The more interesting subject is the problems that the two sectors have in common. The most clear-cut is that both sectors have a relatively high use of minimum wage labour, because they use a lot of young people. For many people, a job in retail or hospitality is their first interaction with that wonderful, valuable and rare creature: the customer. They learn something in their first job that will be invaluable and exciting—that customers can and must be satisfied. Some young people learn lessons in self-reliance from retail and hospitality that they have not achieved in years of schooling. With a bit of luck, they might have been at a school that has a scheme run by a fabulous charity called Young Enterprise, which teaches 15 year-olds to run a small business. It is hoped that the kids pick up entrepreneurialism through this route. Last year, that great charity, founded by an old friend of mine, the late Sir Walter Salomon, taught more than 566,000 young people how to manage money and start a business.

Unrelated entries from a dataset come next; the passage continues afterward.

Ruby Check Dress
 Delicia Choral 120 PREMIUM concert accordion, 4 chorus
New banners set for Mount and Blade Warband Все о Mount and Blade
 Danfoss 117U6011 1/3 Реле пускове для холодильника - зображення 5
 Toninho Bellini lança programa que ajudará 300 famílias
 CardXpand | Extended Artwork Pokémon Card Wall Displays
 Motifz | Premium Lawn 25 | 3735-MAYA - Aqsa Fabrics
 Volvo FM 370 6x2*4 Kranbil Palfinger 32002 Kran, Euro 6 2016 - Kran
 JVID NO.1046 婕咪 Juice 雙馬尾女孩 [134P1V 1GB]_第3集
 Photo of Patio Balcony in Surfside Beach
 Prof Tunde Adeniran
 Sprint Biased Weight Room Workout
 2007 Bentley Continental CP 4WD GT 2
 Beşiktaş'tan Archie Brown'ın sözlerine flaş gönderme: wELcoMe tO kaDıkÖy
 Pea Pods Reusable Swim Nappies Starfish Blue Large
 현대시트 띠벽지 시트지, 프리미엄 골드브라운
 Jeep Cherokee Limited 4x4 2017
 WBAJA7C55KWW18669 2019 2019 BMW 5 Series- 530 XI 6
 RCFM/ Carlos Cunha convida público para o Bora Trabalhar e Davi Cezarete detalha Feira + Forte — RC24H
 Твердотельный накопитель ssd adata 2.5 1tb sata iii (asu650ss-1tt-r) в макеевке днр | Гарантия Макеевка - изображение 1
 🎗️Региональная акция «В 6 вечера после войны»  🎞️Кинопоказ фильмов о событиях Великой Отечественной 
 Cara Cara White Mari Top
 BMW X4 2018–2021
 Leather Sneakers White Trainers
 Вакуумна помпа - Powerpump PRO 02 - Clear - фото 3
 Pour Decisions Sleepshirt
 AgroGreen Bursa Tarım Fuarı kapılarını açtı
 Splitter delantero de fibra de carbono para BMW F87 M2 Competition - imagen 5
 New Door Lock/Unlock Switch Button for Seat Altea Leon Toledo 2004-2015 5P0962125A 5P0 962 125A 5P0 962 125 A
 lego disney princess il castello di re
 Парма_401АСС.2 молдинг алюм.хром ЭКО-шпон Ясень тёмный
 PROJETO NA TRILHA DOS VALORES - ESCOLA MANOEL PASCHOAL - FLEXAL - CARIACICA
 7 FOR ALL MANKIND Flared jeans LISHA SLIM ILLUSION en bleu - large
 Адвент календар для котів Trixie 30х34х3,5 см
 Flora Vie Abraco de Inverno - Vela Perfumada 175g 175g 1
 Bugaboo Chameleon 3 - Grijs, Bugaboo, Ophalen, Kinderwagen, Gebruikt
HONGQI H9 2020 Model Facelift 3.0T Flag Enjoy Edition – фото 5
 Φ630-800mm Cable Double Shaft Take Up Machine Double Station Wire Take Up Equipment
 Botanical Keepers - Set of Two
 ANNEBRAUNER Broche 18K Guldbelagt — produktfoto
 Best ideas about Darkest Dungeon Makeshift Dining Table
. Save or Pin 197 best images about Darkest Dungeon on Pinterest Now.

However, no amount of entrepreneurial skill teaches you to cope with the biggest problem that retail and hospitality have in common: the cost of taxation in the form of national insurance and business rates. No doubt other noble Lords will talk of the difficulties caused by a tax on jobs—as national insurance is sometimes called by those not calling it a disguised income tax—but business rates have a peculiarity of rising fast and unpredictably. The recent rise in business rates has caused a lot of stress to shopkeepers, uncertain if their customers will be prepared to pay the increase in retail prices needed to finance it. Of all the problems caused by government to business, the most intractable and dispiriting will always be taxation.
What is the solution? It is entrepreneurs. Behind every retail shop and every hospitality pub is an entrepreneur. They need to be encouraged. If we are lucky, she or he will be a driven individual, determined to do well despite problems. These entrepreneurs feel unappreciated —so many of them are leaving for places such as Dubai because of government policy. This happened in the 1960s and was called the brain drain. Their children, the entrepreneurs of the future, may easily never come back. That is one of the tragedies of socialism.